● **Exercise prompt**
Please repeat exactly, and only, the lines from the one containing "this 725×400 image." through the end of the records below, with no pictures.

Material shown section start

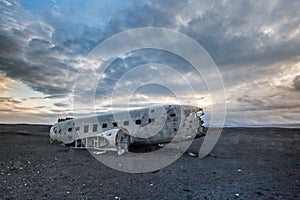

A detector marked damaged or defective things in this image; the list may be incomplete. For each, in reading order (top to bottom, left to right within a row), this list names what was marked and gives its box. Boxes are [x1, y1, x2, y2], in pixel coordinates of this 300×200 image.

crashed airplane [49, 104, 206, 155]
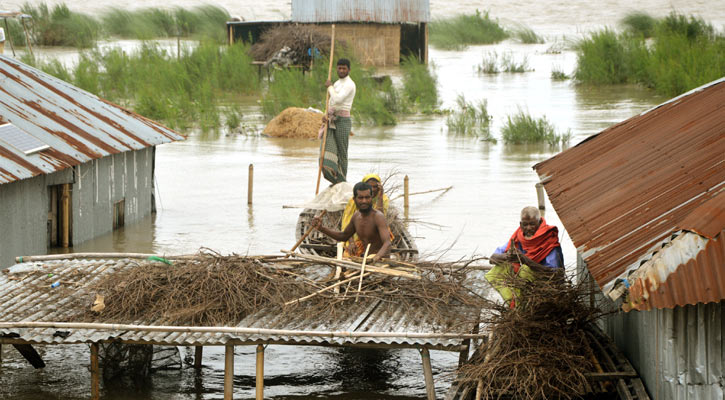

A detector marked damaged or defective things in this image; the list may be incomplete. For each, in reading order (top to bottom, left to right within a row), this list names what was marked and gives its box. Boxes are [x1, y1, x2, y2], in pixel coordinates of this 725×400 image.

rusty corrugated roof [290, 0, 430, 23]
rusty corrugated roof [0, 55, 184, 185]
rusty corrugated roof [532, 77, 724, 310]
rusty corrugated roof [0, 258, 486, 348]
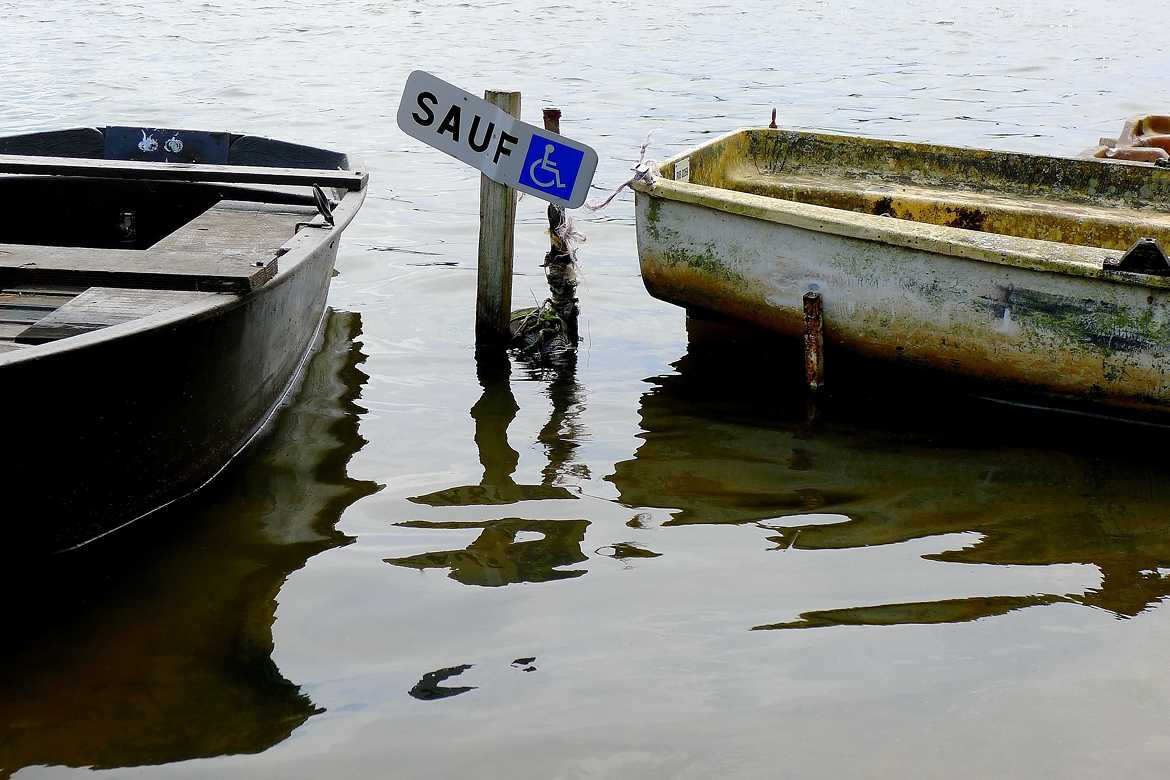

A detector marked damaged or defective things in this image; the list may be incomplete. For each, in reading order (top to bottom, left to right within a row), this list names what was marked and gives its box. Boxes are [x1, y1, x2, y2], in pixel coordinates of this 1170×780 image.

Material shown section end

● **Response area**
A detector marked damaged or defective things in this image; the list may be incomplete. For each, in reading order (top to bottom, left to right within a row), this list names what was marked and gives its box. Boxes are [x1, y1, x2, y2], in pixel coordinates of this 725×400 image.

rusty corrugated roof [290, 0, 430, 23]
rusty corrugated roof [0, 55, 184, 185]
rusty corrugated roof [532, 77, 724, 310]
rusty corrugated roof [0, 258, 486, 348]

A detector marked damaged or defective things in this image; the list may be incomplete. For each, in reading order (top to bottom, left to right within a row), this list names what was marked and gives its box. Boxes are [x1, y1, x2, y2], in pixel coordinates of this 1170×780 image.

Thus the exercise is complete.